Behind every motivational post, healthy recipe, and physical check-in, there is a lack of. That goes for anyone on social media whether they choose to exploit themselves or not. I wanted to take the time and write out what I've been thinking and feeling in the past two weeks behind the scenes of social media, because I know I am not the only one who probably feels this way, and it helps me cope by writing. Maybe, you can take something away from this. 

Hey friends, 

It's your friendly neighborhood "Kailey girl" here. For me, social media is an outlet to document places I've been, things I've done, goals I've reached in my life, and a way to encourage others to make gains in their life. I never post anything negative, and you'll never see me do it, because I don't like sharing my "crap" with the world. We all have crap. Whoop-di-doo. "Find a way to get over that crap, and move on", I say to myself. Sometimes it is harder to do than it is to say though. 

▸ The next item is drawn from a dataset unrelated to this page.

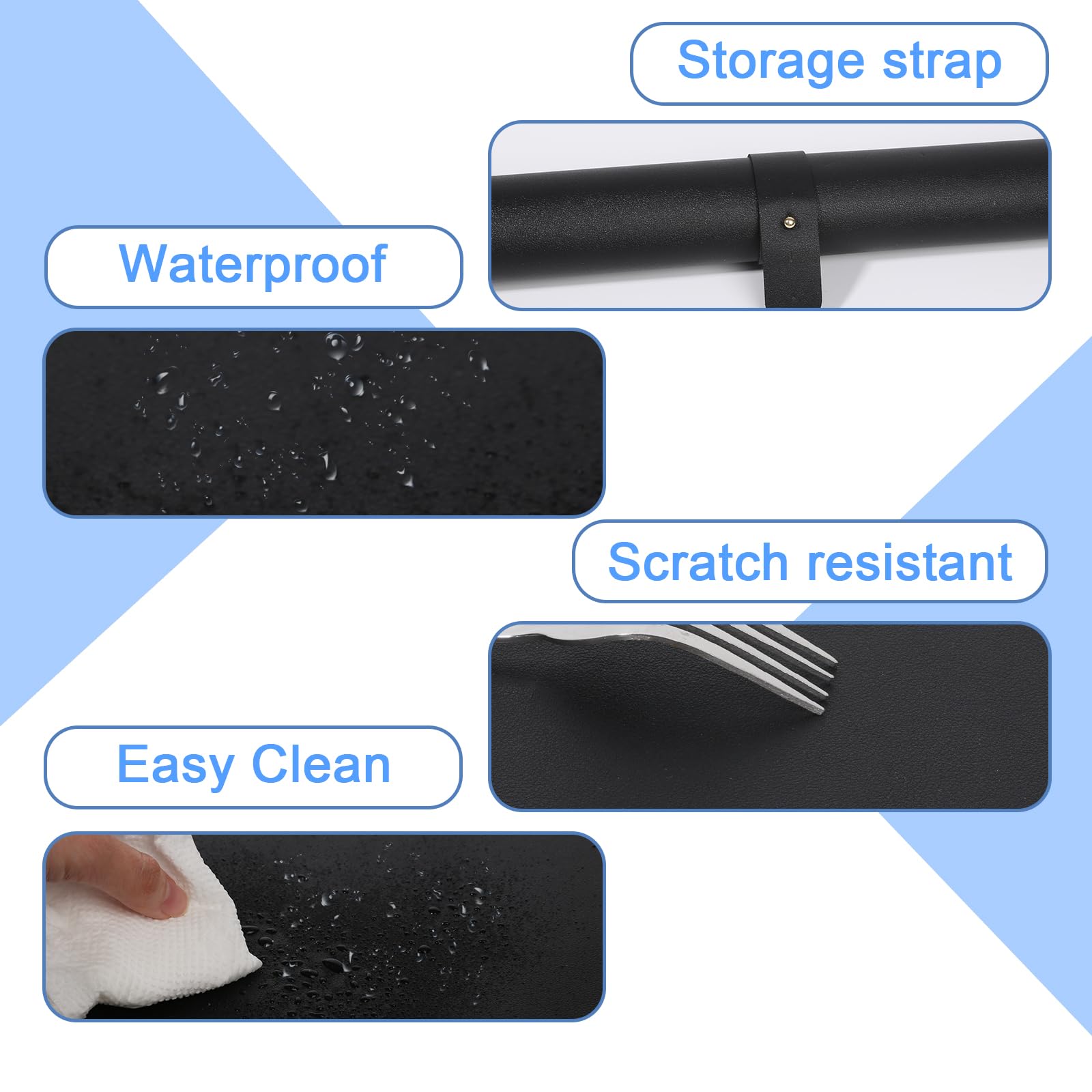 Premium SHIMIDO Nail Art Table Mat - Soft Microfiber Leather Hand Rest Pad for Nail Technicians & DIY Manicures | Non-Slip Workstation Mat for Salon, Home & Professional Use (Black)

Every morning I get out of bed, go to my small workout area in my sunroom, and do a Heather Robertson HIIT workout. This helps me stay occupied in the morning and jolts my energy to get a start on my day. Even though I do it, I wake up not always wanting to. I wake up not having an agenda or anyone to talk to (my roommate leaves the house and studies, and my boyfriend works). I'm a quiet, independent person, but even loners get lonely. I'm the type of person who needs to be doing something throughout the day and stay on her feet. Wandering around, driving back roads aimlessly gets boring after a while, and it slowly creeps into my sanity. Truth is, a lot of the time now I'm sad. I can't live my 20's up and go to bars with my friends. I'm not achieving my career goals (and I was constantly progressing) because productions are shut down. I have to resort to a job at Chili's, and listen to nothing but the thoughts inside my head throughout the day. Side note: I hate customer service jobs (retail, restaurants, etc). But, if it's what I have to do to keep my head above water, then I have to do it. When I worked at Sonic Drive-In, my dad always told me, "It's only temporary". He was right. It was. And right now with everything going on, it's only temporary, but I'm ready for change- in a good way. 

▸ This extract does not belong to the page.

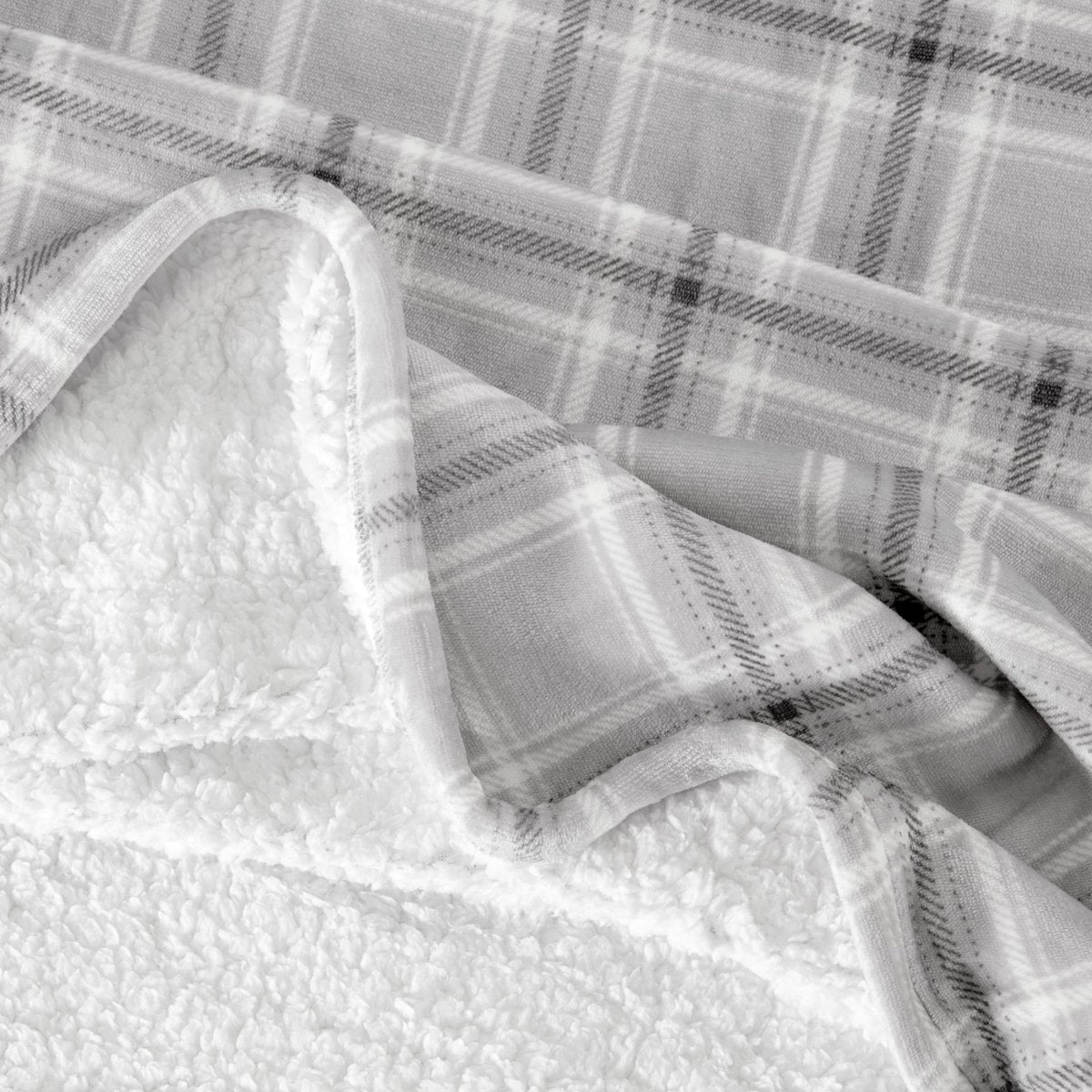 Close-up of both sides of a printed sherpa blanket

One time in high school I literally said out loud, "Life sucks, and then you die". Five years later, and I'm here to tell you, that is NOT the case. Situations suck. People sometimes suck. Life- doesn't suck. Life is beautiful, and it's my job along with yours to share its beauty. I might get slightly depressed and not want to do anything at all. I might want to escape from reality and go back home to Mom and Dad, but running away from your problems instead of fighting them head on will never change anything for the better. Just like me, I pray you keep fighting the good fight. Keep finding things to do. Wake up and express your gratitude for life. Constantly remind yourself that uncomfortable situations suck. But remember they are only temporary, because there is so much more in the world that is good and right. It's possible you just haven't seen it yet. 

How are you coping with the new every day normal? What is your daily schedule like? Please give me ideas and keep me whole.